TASK: Go to the line below containing "2022 (Isnin) https://t.co/XcaGa0uwsX" and print exactly from there through the line containing "Big Fishes Eat", both included. Print nothing else.

(Dataset entries)
╭──
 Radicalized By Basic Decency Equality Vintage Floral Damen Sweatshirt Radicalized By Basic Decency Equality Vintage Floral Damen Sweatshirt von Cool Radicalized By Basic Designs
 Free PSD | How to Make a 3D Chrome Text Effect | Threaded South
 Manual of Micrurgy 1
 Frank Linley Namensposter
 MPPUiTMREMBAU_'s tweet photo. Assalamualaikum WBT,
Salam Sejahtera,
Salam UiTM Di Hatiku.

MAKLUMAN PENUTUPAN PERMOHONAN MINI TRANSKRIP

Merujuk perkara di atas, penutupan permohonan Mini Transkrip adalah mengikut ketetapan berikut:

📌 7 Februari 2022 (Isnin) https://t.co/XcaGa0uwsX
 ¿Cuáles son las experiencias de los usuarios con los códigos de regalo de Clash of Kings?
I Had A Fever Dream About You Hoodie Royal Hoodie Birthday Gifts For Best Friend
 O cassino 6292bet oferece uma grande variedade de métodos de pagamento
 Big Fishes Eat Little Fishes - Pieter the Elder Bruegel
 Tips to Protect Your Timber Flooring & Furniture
╰──
╭──
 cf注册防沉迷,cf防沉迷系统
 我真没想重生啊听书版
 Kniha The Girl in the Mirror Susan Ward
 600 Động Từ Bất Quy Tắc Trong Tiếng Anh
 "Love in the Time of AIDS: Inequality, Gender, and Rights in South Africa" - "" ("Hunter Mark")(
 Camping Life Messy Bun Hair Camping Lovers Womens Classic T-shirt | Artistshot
╰──
EXERCISE ANSWER:
📌 7 Februari 2022 (Isnin) https://t.co/XcaGa0uwsX
 ¿Cuáles son las experiencias de los usuarios con los códigos de regalo de Clash of Kings?
I Had A Fever Dream About You Hoodie Royal Hoodie Birthday Gifts For Best Friend
 O cassino 6292bet oferece uma grande variedade de métodos de pagamento
 Big Fishes Eat Little Fishes - Pieter the Elder Bruegel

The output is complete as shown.